In the East Asian Countries, including the Korea, have been traditionally used soybean sauce and soybean paste made by fermented soybean 7, 8. For utilizing plant protein sources in a variety of applications, it is important to examine data on their taste characteristics as well as functional characteristics. For this purpose, research on the protein extraction method for exploring and obtaining vegetable protein supply source must is preceded. Several studies have reported extraction methods to use plant proteins from sources such as soybean and rice. There are variety of processing methods using alkali, enzymes and physical treatments including homogenization with sonication and ultra-high pressure 9, 10, 11, 12. Another study was carried out optimize the extraction condition to isolate of 11S and 7S globulin from soybean 13 and analysis of functional characteristics. A method using extremely alkaline treatment condition SP (pH-SP) 14 can also enhance hydrophobicity and molecular flexibility 4. Alkaline extraction results in the denaturation of soybean protein, release of structural bonds, and elution of the internal hydrophobic groups to the surface, potentially resulting in improved functional characteristics.

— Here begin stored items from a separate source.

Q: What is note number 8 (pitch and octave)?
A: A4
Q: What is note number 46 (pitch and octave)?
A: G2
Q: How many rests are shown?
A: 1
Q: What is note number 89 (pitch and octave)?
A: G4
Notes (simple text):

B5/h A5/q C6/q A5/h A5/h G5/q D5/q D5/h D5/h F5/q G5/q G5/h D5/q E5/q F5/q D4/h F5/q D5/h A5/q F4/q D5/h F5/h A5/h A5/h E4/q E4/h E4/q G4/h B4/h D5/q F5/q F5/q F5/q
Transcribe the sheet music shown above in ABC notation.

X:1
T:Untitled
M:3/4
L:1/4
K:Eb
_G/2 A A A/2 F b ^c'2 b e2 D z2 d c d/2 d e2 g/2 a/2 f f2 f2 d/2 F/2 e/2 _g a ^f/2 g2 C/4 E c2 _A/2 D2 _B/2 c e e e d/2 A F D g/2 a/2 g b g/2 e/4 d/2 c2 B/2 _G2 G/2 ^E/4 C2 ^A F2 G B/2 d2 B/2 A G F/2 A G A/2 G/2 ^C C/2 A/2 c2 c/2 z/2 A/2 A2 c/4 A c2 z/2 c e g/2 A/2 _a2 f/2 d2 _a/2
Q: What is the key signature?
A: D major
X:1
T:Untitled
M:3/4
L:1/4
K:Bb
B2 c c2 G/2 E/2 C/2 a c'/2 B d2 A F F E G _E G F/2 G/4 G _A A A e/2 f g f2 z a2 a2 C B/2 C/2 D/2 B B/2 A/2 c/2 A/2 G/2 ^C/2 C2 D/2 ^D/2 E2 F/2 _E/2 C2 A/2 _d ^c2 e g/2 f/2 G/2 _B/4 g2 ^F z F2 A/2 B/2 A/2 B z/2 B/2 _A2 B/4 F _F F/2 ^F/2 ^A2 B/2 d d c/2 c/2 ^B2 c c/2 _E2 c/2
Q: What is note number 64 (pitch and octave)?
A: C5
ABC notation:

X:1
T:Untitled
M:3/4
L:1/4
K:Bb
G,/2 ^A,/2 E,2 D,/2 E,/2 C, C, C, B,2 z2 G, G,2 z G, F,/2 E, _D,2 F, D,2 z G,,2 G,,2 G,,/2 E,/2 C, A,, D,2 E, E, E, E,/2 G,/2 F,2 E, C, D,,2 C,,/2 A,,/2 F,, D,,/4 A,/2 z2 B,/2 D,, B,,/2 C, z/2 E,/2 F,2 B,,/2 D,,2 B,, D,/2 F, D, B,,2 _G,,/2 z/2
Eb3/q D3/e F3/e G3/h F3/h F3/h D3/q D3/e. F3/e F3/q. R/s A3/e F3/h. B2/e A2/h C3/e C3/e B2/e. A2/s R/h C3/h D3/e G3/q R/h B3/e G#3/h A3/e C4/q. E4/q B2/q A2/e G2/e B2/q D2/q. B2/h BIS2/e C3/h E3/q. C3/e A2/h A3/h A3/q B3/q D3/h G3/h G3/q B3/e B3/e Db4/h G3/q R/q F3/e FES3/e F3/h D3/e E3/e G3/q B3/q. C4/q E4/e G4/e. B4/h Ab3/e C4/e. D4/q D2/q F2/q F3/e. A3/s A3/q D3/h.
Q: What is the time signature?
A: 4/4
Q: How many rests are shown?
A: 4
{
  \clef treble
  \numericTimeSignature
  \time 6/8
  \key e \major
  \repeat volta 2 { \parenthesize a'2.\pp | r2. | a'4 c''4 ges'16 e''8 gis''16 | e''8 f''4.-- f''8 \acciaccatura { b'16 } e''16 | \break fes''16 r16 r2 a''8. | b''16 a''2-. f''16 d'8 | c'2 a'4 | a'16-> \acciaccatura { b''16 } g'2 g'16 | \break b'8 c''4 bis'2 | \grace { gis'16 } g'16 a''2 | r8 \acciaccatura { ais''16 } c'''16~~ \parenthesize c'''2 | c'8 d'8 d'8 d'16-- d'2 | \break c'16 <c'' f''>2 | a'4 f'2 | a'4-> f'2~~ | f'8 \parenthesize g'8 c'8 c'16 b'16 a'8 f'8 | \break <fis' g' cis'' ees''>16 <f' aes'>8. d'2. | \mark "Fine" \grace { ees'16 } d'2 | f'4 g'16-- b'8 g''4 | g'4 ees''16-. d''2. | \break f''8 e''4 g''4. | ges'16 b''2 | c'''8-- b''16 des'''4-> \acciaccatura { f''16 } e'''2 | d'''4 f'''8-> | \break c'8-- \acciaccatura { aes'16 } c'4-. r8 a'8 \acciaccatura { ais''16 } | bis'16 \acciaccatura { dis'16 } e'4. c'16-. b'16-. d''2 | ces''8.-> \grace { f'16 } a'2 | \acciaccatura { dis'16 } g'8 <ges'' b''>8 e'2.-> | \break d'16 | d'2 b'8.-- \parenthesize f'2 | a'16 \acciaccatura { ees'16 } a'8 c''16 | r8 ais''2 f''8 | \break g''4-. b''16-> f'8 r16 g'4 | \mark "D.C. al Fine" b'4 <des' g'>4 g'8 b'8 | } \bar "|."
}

However, alkaline extraction method of the proteins is preparatory steps for setting protein hydrolysis conditions. Because hydrolysis of protein can act as factors to increase the functional properties and facilitate the production of low molecular weight peptides with structures showing both water-soluble and fat-soluble properties. Also, taste properties are decided according to hydrolysis of protein. Hydrolysis of the protein can be applied to a variety of methods according to purposes, adjusted the degree of hydrolysis. Among the methods of protein hydrolysis, enzymatic hydrolysis is an attractive approach for utilizing plant protein resource in soybean 15. It depended on temperature, reaction time, concentration, substrate, and these factors contribute to the quality characteristics of hydrolysate 16, 17. Research has been conducted to hydrolysis to increase the availability production process of low molecular weight peptides and to increase the degree of hydrolysis 18. At this time, in enzymatic hydrolysis, it is important to set an appropriate degree of hydrolysis because bitterness is observed when excessive degree of hydrolysis as increasing the free amino acids such as methionine (Met), leucine (Leu), phenylalanine (Phe) 19, 20, 21. Therefore, the present study aimed to optimize the enzymatic hydrolysis conditions and to develop low molecular weight peptide material through limited hydrolysis of soybean protein by controlling soybean protein extraction pH, enzyme concentration, and reaction time which affect the structural modification of soybean protein.

2. Materials and Methods

2.1. Materials and Reagents

Soybean was ‘Deadoo variety that is widely used in Korea and was purchased from a commercial market (Jeollabuk-do, Republic Korea). L-leucine, 1 M NaOH, 1 M HCl, protease from Bacillus sp., and n-hexane, were of analytical reagent grade and were purchased from Sigma-Aldrich Co. Ltd., Korea. The 2, 4, 6-trinitrobenzene 1-sulfonic acid (TNBS solution, 1% w/v) was purchased from Thermo-Fisher Scientific. Reagents for SDS-PAGE gels (poly acryl amide concentration 10% and acrylamide: bisacrylamide = 29: 1), 10X Tris glycine, coomassie blue and other chemical reagents were purchased from Bio-Rad Lab., Inc., (California, USA).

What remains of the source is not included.